12.26.2010

Recap 2010

Wow, December 26th already?

Today as I was getting healthy groceries at the grocery store (yuck) I was thinking about how fast the last year has gone and how much it has brought with it.

Most notably and excitable, this year brought my engagement to Gavin. We were at the talking about the future without explicitly saying terms like "marriage" at the end of 2009. We both knew it was going to happen, but it wasn't until the beginning of 2010 that we admitted that it was what we were both wanting. And once it was talked about, it was put into motion. April of this year he proposed. Best day of my life thus far, without a doubt.

A few months later I left my job in Itasca. A hard desision to make, but one sought out in prayer and discussion with those I love and trust. I made my heart open for God to make new movements in my life, and it was one of the best decisions I have made in my adult life.

I bought a house!! I left off most of the torture that was house buying in this blog. It was nothing like they show on HGTV and quite possibly one of the most stressful things in my life. We almost bought 3 houses, and finally landed at "the one" which flooded right before closing. Still, we got it and love it and are enjoying the process of making it ours. I don't see us leaving anytime in the next 10 years though after how stressful it was to get here.

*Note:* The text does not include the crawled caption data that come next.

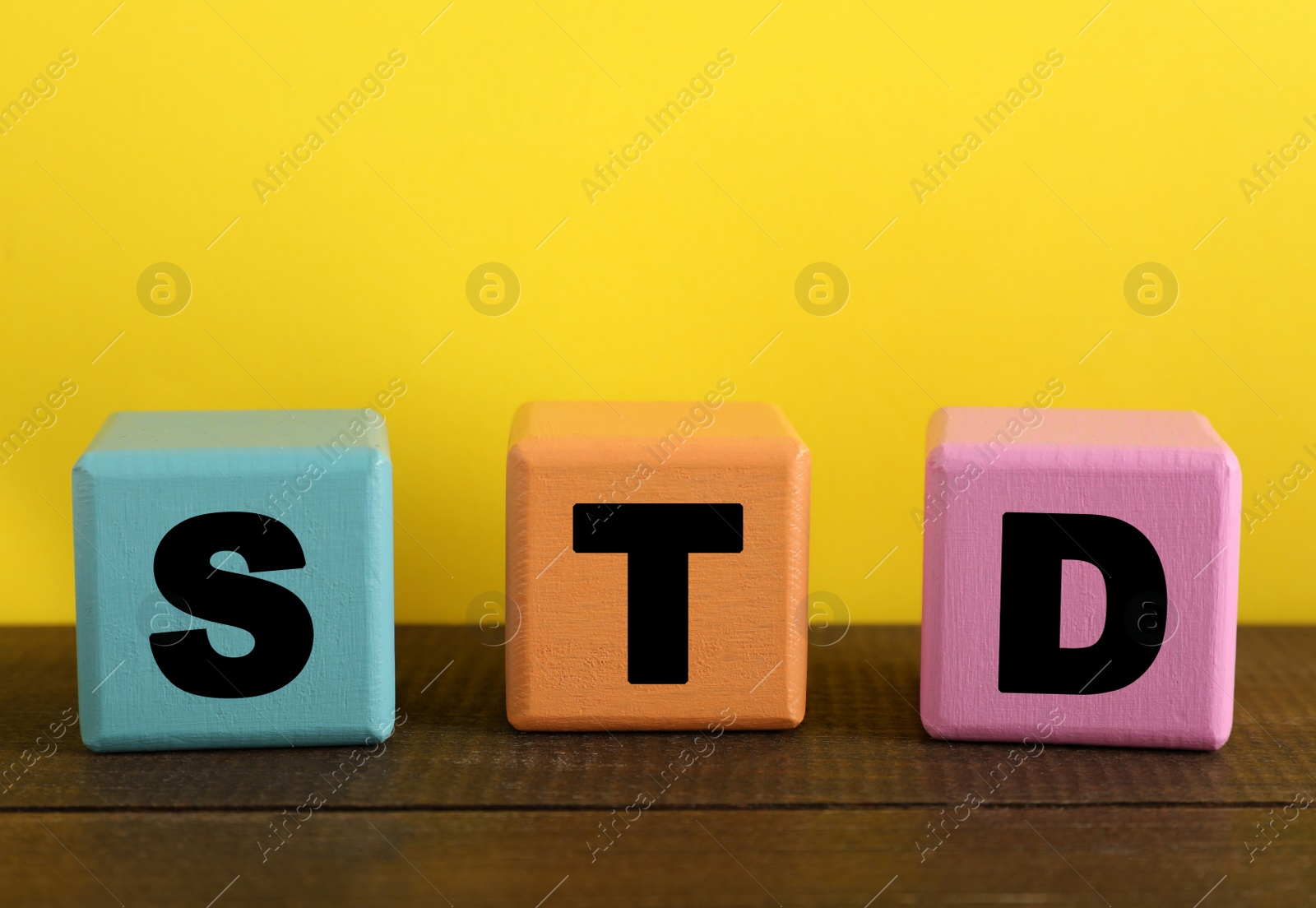 Photo of Abbreviation STD made with cubes on wooden table against yellow background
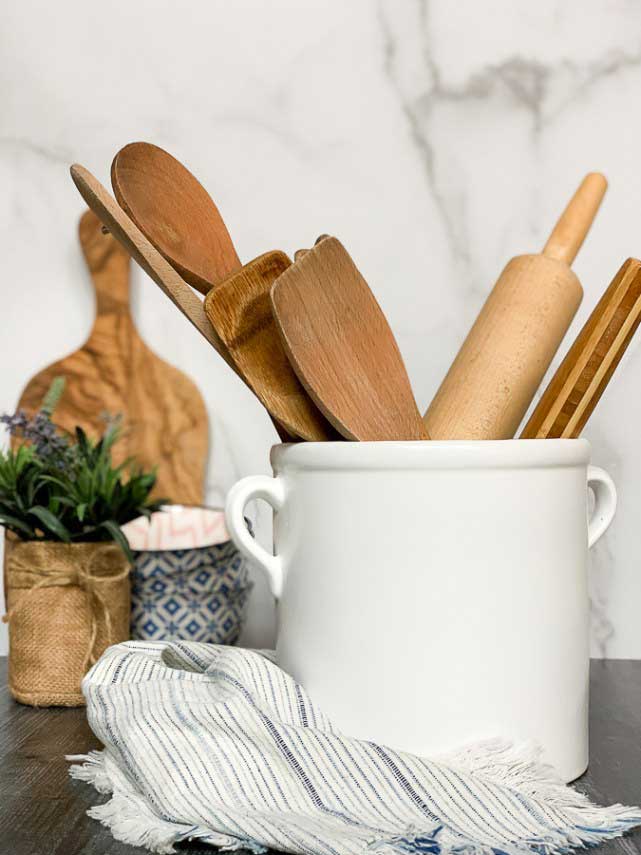 Farmhouse stoneware crock holding rolling pin and wooden kitchen utensils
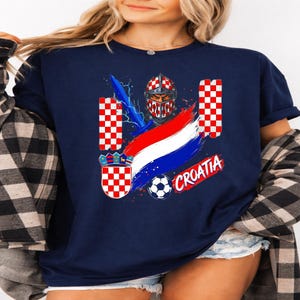 May include: A navy blue t-shirt featuring a graphic print of a knight in a red and white checkered helmet, a blue sword, a soccer ball, the word CROATIA in red, and a red and white checkered shield with a crown crest on a blue background.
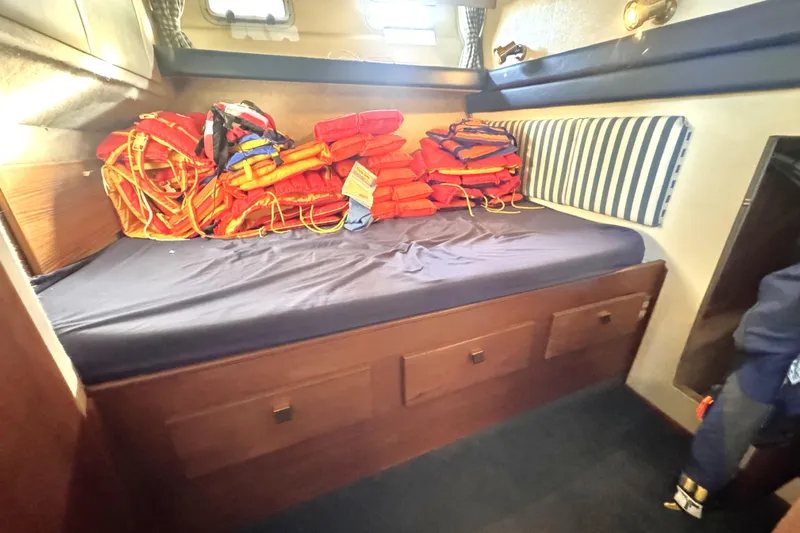 Yacht Photos Pics 1989 Bayliner 4588 Pilothouse cabin with life jackets on bed.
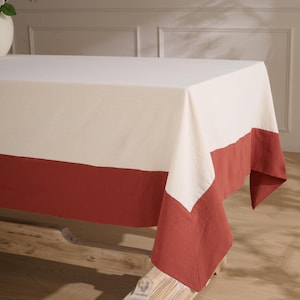May include: A rectangular tablecloth with a two-tone design. The top portion is off-white, and the bottom features a wide band of reddish-brown fabric. The tablecloth is draped over a wooden table, showcasing its texture and color contrast.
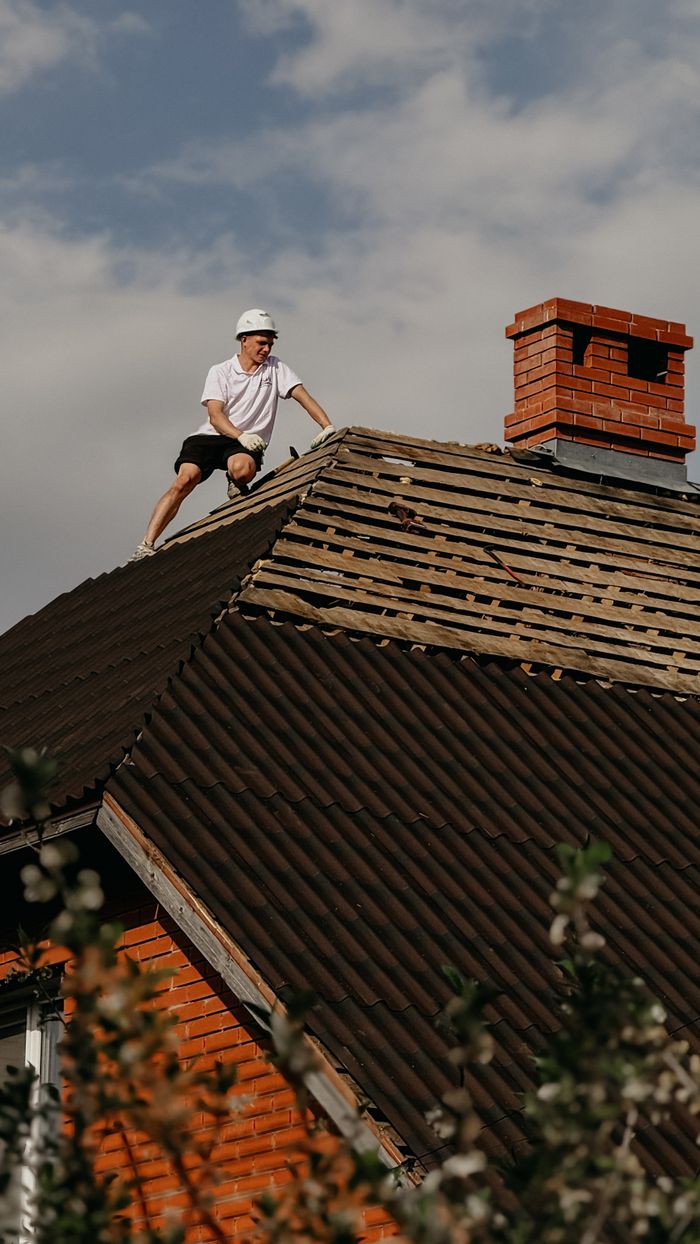about-01 Man in safety helmet repairing roof of red brick house under clear sky.
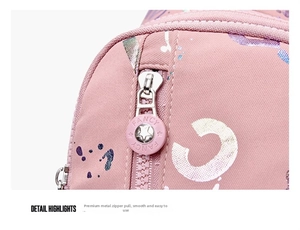 Detailed macro view of pink nylon bag featuring a fancy star engraved metal zipper head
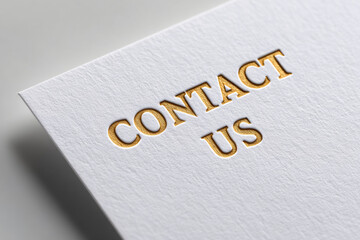 A white card with gold embossed text that reads Contact Us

I began the ball rolling on opening a preschool. God has been a big factor in this, far bigger than my own desire, but it has been a blessing in my life as well. To have my family and Gavin's family, and most notably Gavin, standing beside me through this whole process I have learned more about all of them and about myself. I look forward to where this goes in the coming years.

The next six months are going to be crazy... working on the finishing touches of our wedding, continue to make this house a home, beginning the licensing aspect of a preschool.... so much to do! I feel incredibly blessed to know that it's going to be another great year. I had struggles in 2010, as I'm sure I will in 2011, but God's grace and mercy in my life has yet to cause more than I can handle.

I am thankful for so many friends and family that we apart of this past year and look forward to their presence and love in the year to come!